Junkanoo parades take place in most islands.

Majority Rule Day (January 10th)

Majority Rule Day became a public holiday in 2014. It commemorates The Bahamas gaining majority rule for the first time on January 10, 1967, symbolizing the promise of equality, a level playing field, and fair play for all Bahamians. Along with the emancipation from slavery in 1836, and gaining Independence from Great Britain in 1973, the achievement of Majority Rule is considered one of the most important events in the history of the country.

Good Friday (Friday before Easter Sunday)

This religious holiday marks the end of the Lenten season and is the first day of a long holiday weekend which includes the following Monday after Easter Sunday. On this holy day most Bahamians attend church services and serve fish as their main meal of the day.

Easter Monday (Monday after Easter Sunday)

This holiday marks the beginning of the beach picnicking season for Bahamians. There are also many cookouts in public parks on the Nassau waterfront; homecomings and regattas are held in some Out Islands.

Whit Monday (Seventh Monday after Easter)

This holiday marks the end of the Easter cycle and the beginning of public witness of the Christian church. It is the Monday after Whit Sunday, The Feast of Pentecost, which comes 50 days after Easter.

Randol Fawkes Labour Day (First Friday in June)

Sir Randol Fawkes established Labour Day in 1961, and it is now named in his honor. On this holiday, members of the labor unions from different organizations, as well as political parties, march in a large parade through the streets of downtown Nassau, usually in colorful uniforms, beginning around 10:00 a.m. Local bands and a few Junkanooers lead the parades, providing lively music for the marchers and spectators. The parade ends at the Southern Recreation Grounds, where union leaders and local politicians deliver speeches.

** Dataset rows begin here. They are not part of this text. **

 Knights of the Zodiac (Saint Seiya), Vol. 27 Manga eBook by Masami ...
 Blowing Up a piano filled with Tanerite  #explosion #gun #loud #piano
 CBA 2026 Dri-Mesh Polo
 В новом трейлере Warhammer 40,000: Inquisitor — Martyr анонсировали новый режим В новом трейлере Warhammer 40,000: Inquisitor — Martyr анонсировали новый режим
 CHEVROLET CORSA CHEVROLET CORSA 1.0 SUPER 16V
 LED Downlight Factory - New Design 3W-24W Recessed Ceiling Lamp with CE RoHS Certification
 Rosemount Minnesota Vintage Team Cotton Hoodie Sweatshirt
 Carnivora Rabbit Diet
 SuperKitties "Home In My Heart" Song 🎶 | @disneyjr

Bahamas Independence Day (July 10th)

This holiday commemorates the day when The Bahamas became a fully independent nation in 1973, separating from the United Kingdom. However, we remain a member of The Commonwealth of Nations.

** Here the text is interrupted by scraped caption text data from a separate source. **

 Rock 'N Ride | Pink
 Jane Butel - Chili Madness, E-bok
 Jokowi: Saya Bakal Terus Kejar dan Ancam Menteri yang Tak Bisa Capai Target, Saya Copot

Emancipation Day/August Monday (First Monday in August)

This holiday celebrates the emancipation of slaves in the British colonies in 1834. It is celebrated with a Junkanoo Rush-out, a day of beaching, sailing, and regattas in most islands. On New Providence, old slave villages such as Gambier in the west and Fox Hill in the east have their own special celebrations.

National Heroes Day (Second Monday in October)

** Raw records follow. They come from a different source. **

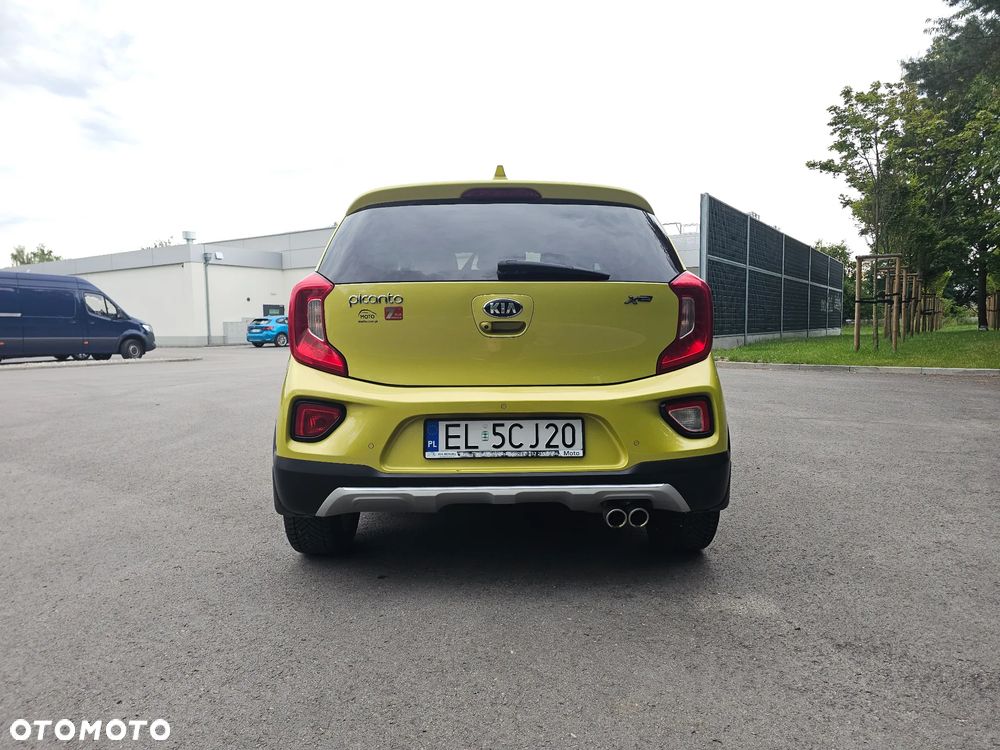 Kia Picanto 1.2 X-Line - 6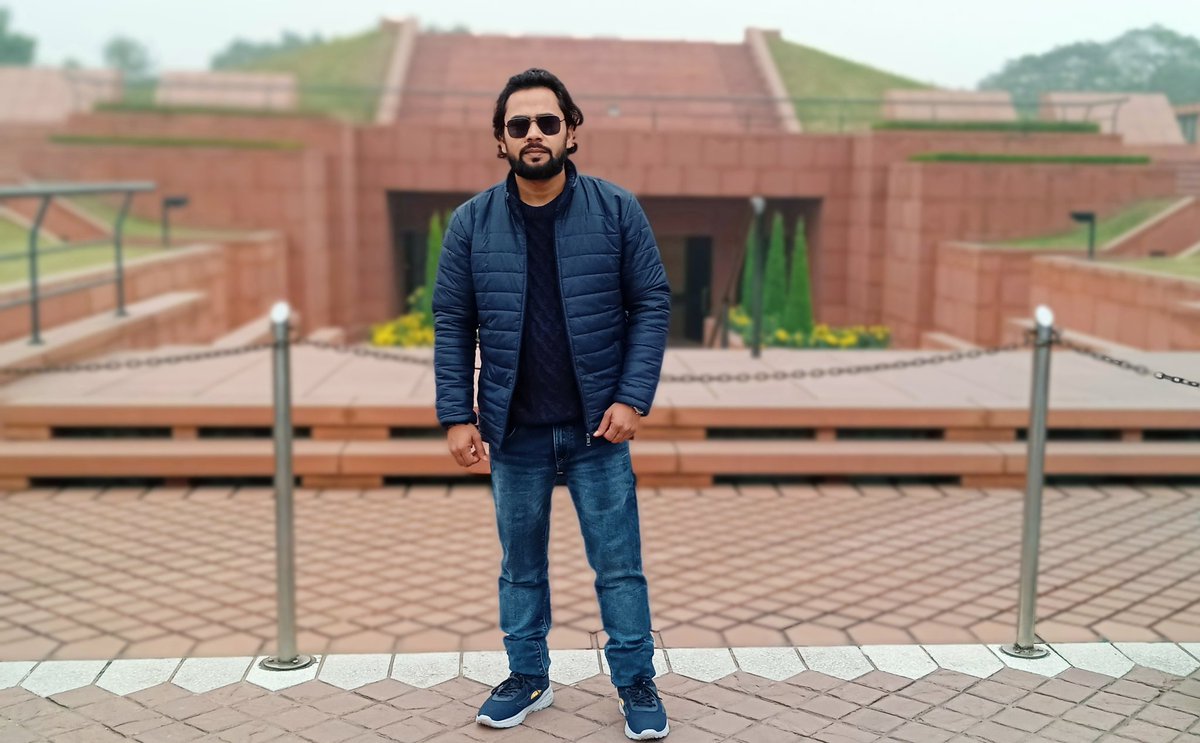 MSRockyofficial's tweet photo. FB-02
#January2024 
#12th 
#NationalYouthDay 
#YuvaDiwas2024

जितना बड़ा संघर्ष होगा, जीत उतनी ही शानदार होगी... 
✍️स्वामी विवेकानंद जी

#SwamiVivekananda 
#indianyouth 
#youthicon 

#LoveBlessingDuaa❤ 
#MSR https://t.co/zLDiDbzAPT
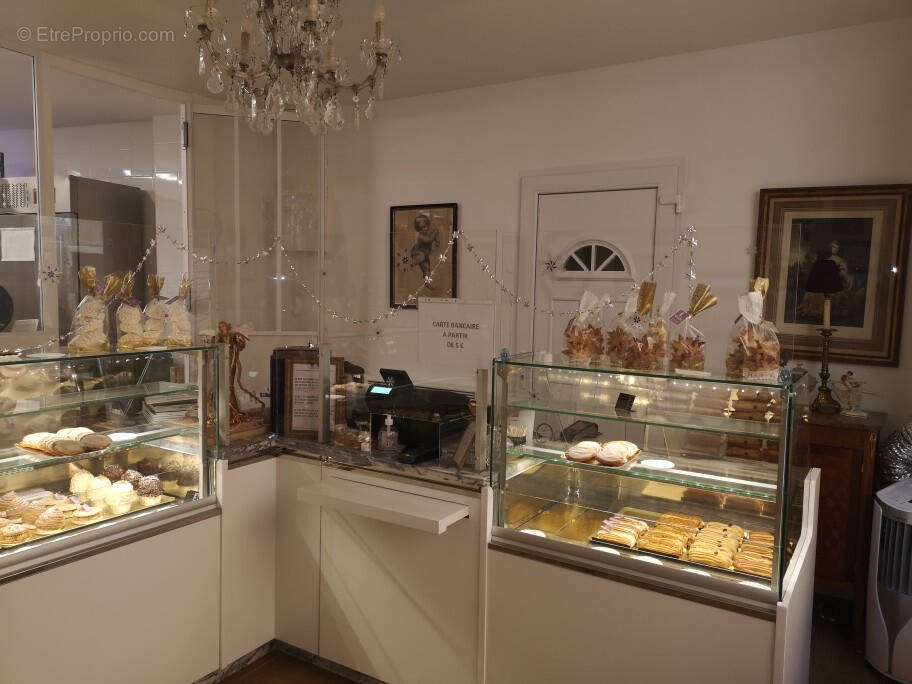 Commerce à SISTERON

Formerly known as "Discovery Day" or "Columbus Day," this holiday has now been dedicated to honoring Bahamian national heroes since 2013. An official National Heroes Day ceremony is held with a keynote speech by the Prime Minister, and heroes from a cross-section of civil society are celebrated with a week of activities. Many people enjoy the day with family gatherings and beach picnics.

Christmas Day (December 25th)

Christmas is celebrated in The Bahamas with many carnivals and festivals. We also have adopted many of the same traditions and customs of other countries. These include gift-giving, feasting and sending Christmas cards.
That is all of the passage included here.